Sympatycy sensacji powinni także zapoznać się z jedną z najnowszych powieści Davida Hewsona „Dochodzenie”, której fabuła nawiązuje do scenariusza popularnego serialu kryminalnego „The Killing” . Książki pisane na podstawie filmów reprezentują zróżnicowany poziom, dlatego czytelnicy podchodzą do nich sceptycznie. „Dochodzenie” jest inne, jest po prostu dobre. Autor powraca do źródeł, przypomina, czym tak naprawdę powinien się charakteryzować dobry kryminał. Mamy tu do czynienia z klasyczna fabułą, po tropach prowadzącą czytelnika do rozwiązania śledztwa. Na pierwszy plan wysuwa się znana z poprzednich książek pisarza komisarz Sarah Lund, która podąża śladem mglistych wskazówek, stopniowo zawężając krąg podejrzanych o brutalne morderstwo. Powieść trzyma w napięciu do ostatnich chwil, a samo zakończenie jest niezwykle zaskakujące. Książka nie należy do najkrótszych, gdyż liczy ok. 800 stron, jednak jest tak wciągająca, że czyta się ją jednym tchem.

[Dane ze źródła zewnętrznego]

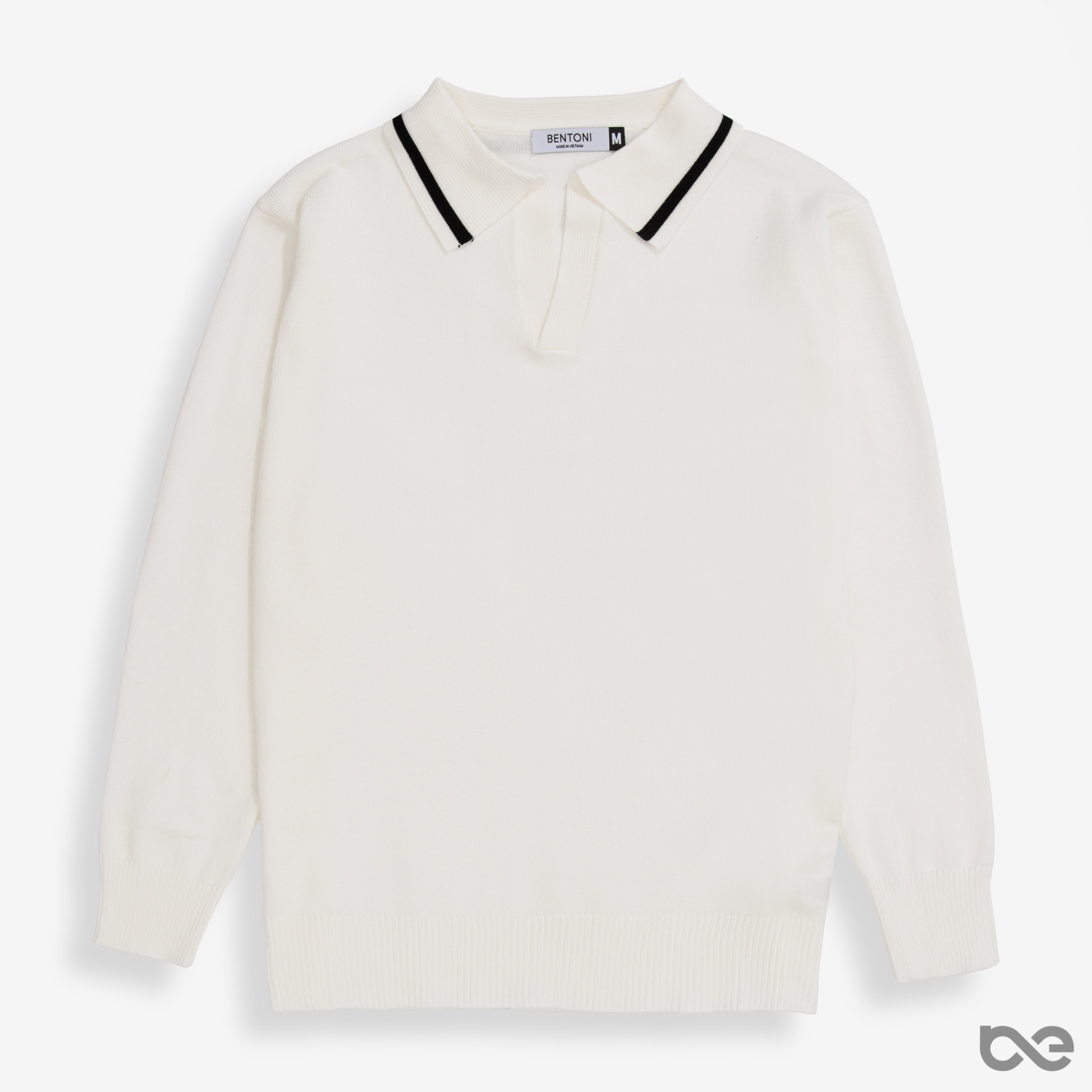 Noble Sweater | Trắng cổ kẻ đen nhỏ
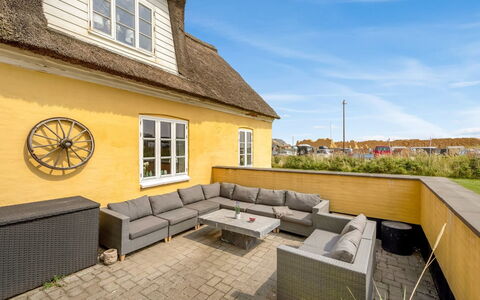 Urte - from the Sea: House, Roof, Home, Cottage, Shed, Garden Buildings, Siding, Yard, Log Cabin, Hut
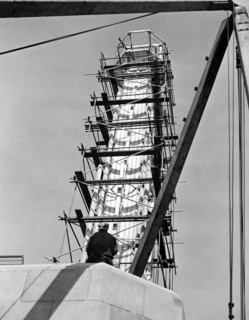 Work On Lindbergh Beacon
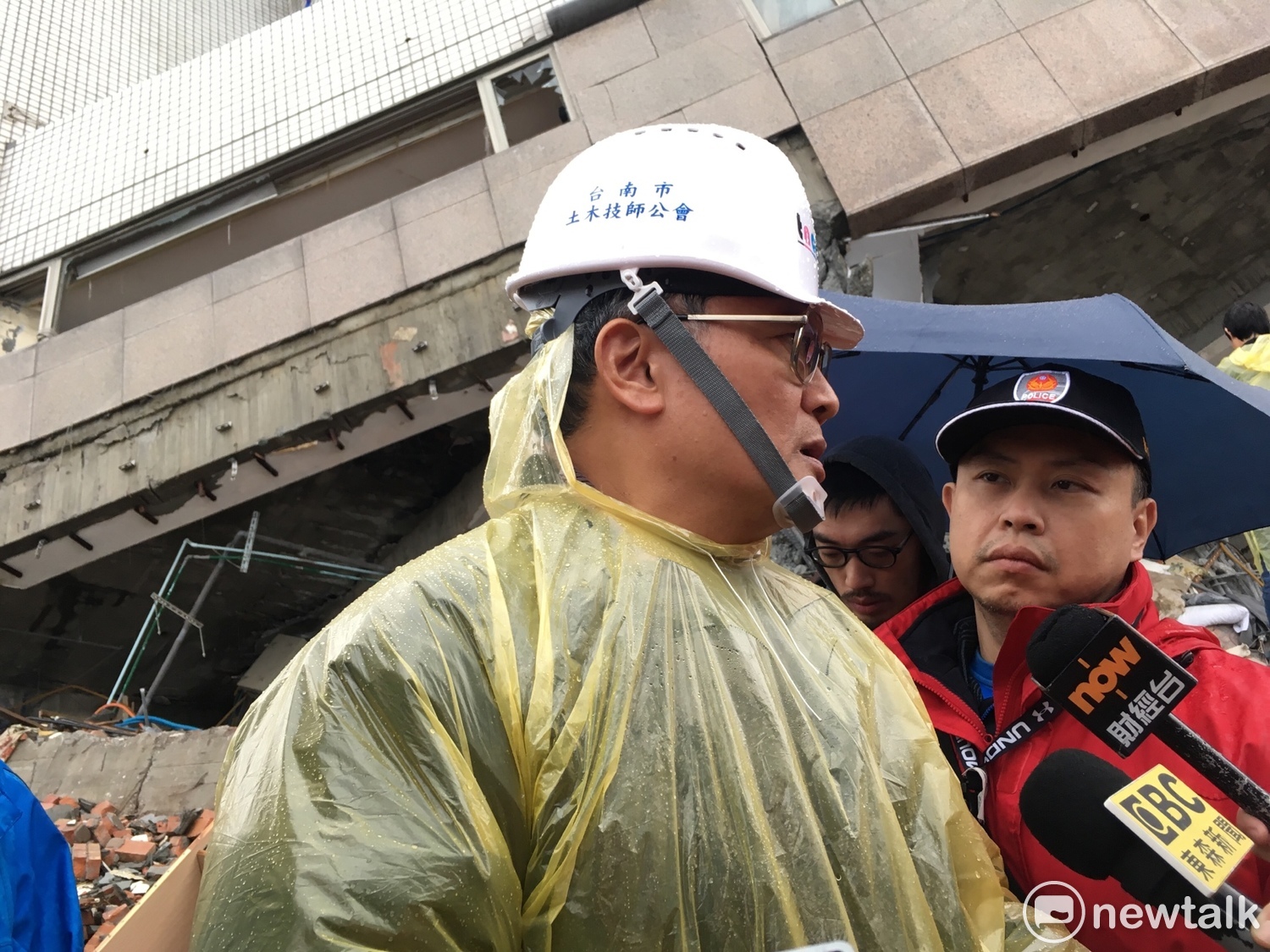 台南維冠大樓搜救行動副總指揮、台南市土木技師公會理事長黃武龍。 圖:黃韋銓/攝 台南維冠大樓搜救行動副總指揮、台南市土木技師公會理事長黃武龍。 圖:黃韋銓/攝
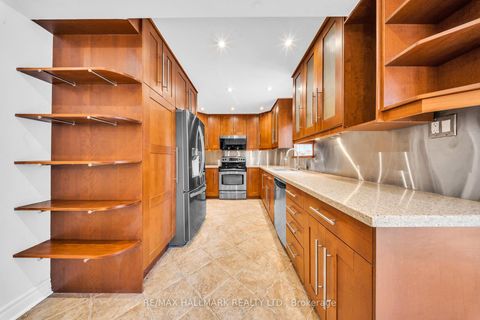 Photo 13 at 29 Petch Crescent, Aurora Highlands, Aurora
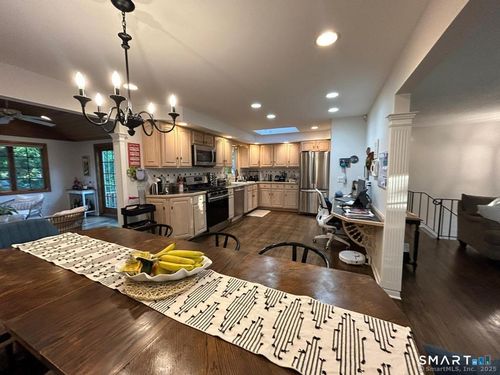 6 Roby Ct, Branford, CT, 06405-4214 | Card Image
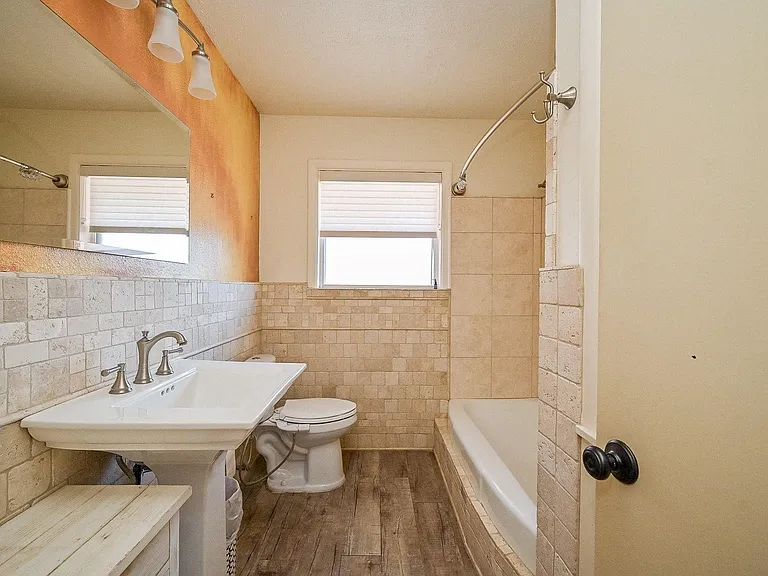 2821 Eastgrove Ln — Photo 13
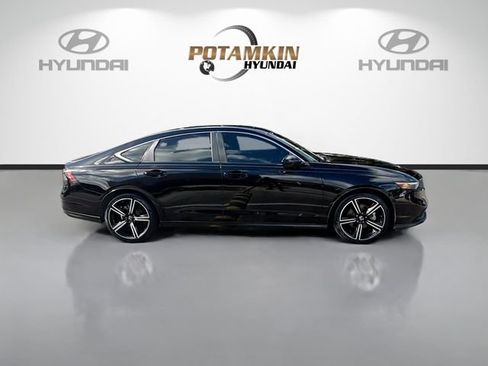 Used 2024 Honda Accord Sport image 4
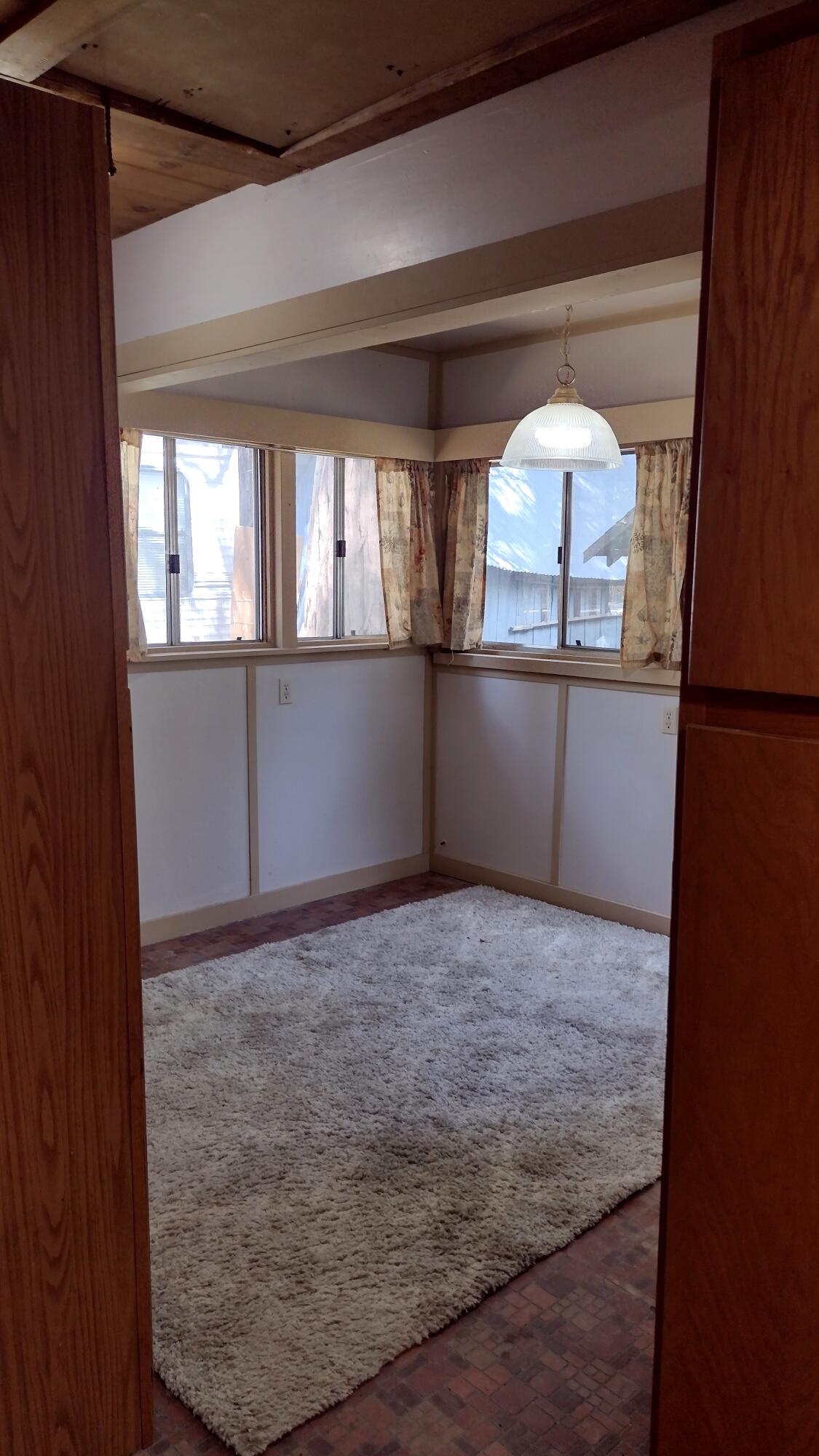 440 Trails End Dr, Camp Nelson, CA 93265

Jeżeli ktoś lubi powieści kryminalne, to czeka na niego prawdziwy rarytas. Pierwsze polskie wydanie zawierające wszystkie opowiadania o detektywie wszech czasów, czyli Sherlocku Holmesie. Opowiadania Arthura Conana-Doyle’a od kilkudziesięciu lat inspirują pisarzy, malarzy i filmowców do powywoływania do życia inteligentnych i przebiegłych detektywów, potrafiących doprowadzić do szczęśliwego zakończenia każde śledztwo. „Księga wszystkich dokonań Sherlocka Holmesa” zalicza się do kanonu literatury kryminalnej.
Czytelnikom, szczególnie paniom, przypadł także do gustu romans kryminalny „Z zimną krwią” autorstwa pisarki-lekarki Tess Gerritsen. Lekka, przyjemna powieść, w której wątek kryminalny przeplata się z burzliwym romansem. Wiele osób słusznie uważa, że tym razem powieści bliżej do romansu niż kryminału. Z drugiej strony, książki Tess Gerritsen zasługują na uwagę, choćby dlatego, że jest to jedna z ulubionych współczesnych pisarek samego „mistrza” Stephena Kinga.